• **WHAT YOU NEED TO DO**: Copy down every line of the data that follows exactly. Omit the pictures.

(Beginning of DATA)

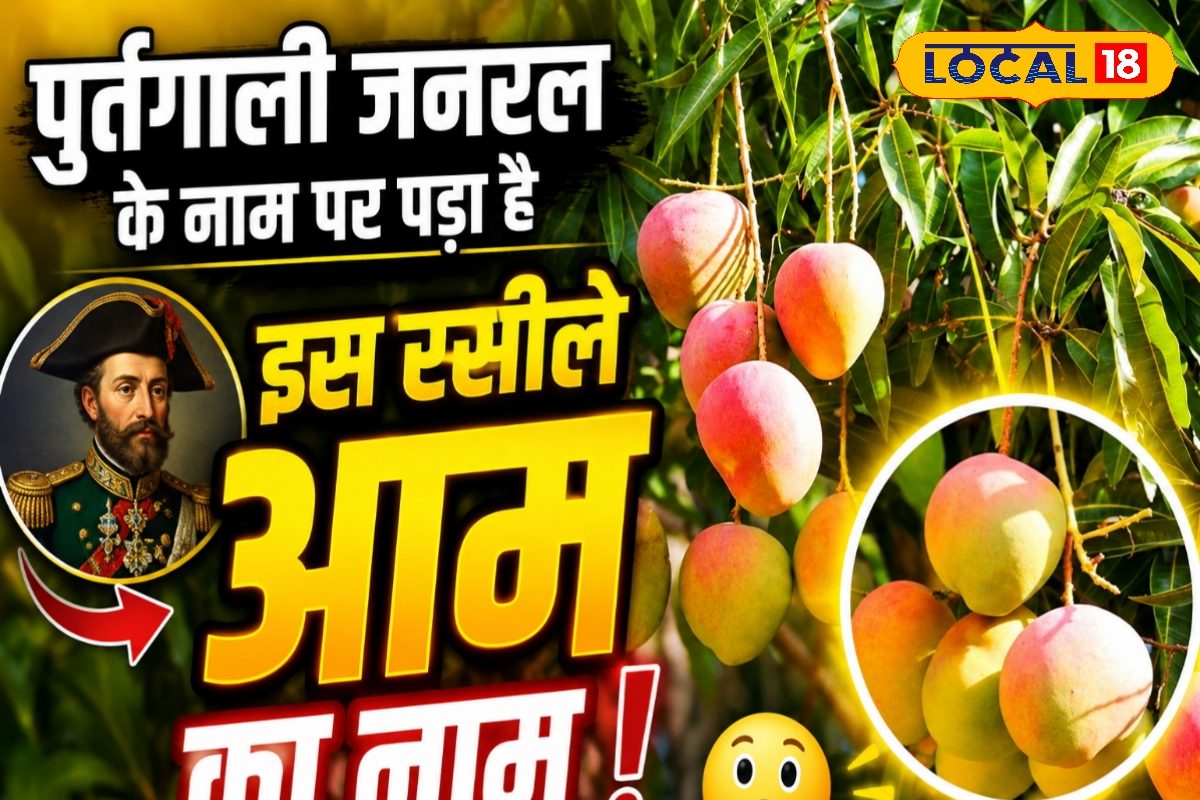 ‘आमों का राजा’ अल्फांसो का दिलचस्प इतिहास, जानिए कैसे पुर्तगाली जनरल के नाम पर पड़ा इसका नाम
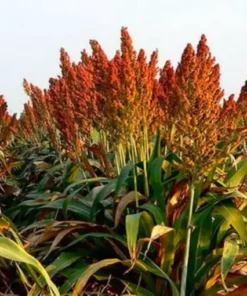 Суданку купить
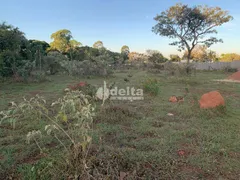 Fazenda / Sítio / Chácara à venda, 5000m² no Panorama, Uberlândia - Foto 7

(End of DATA)

• **YOUR SOLUTION**:
 ‘आमों का राजा’ अल्फांसो का दिलचस्प इतिहास, जानिए कैसे पुर्तगाली जनरल के नाम पर पड़ा इसका नाम
 Суданку купить
 Fazenda / Sítio / Chácara à venda, 5000m² no Panorama, Uberlândia - Foto 7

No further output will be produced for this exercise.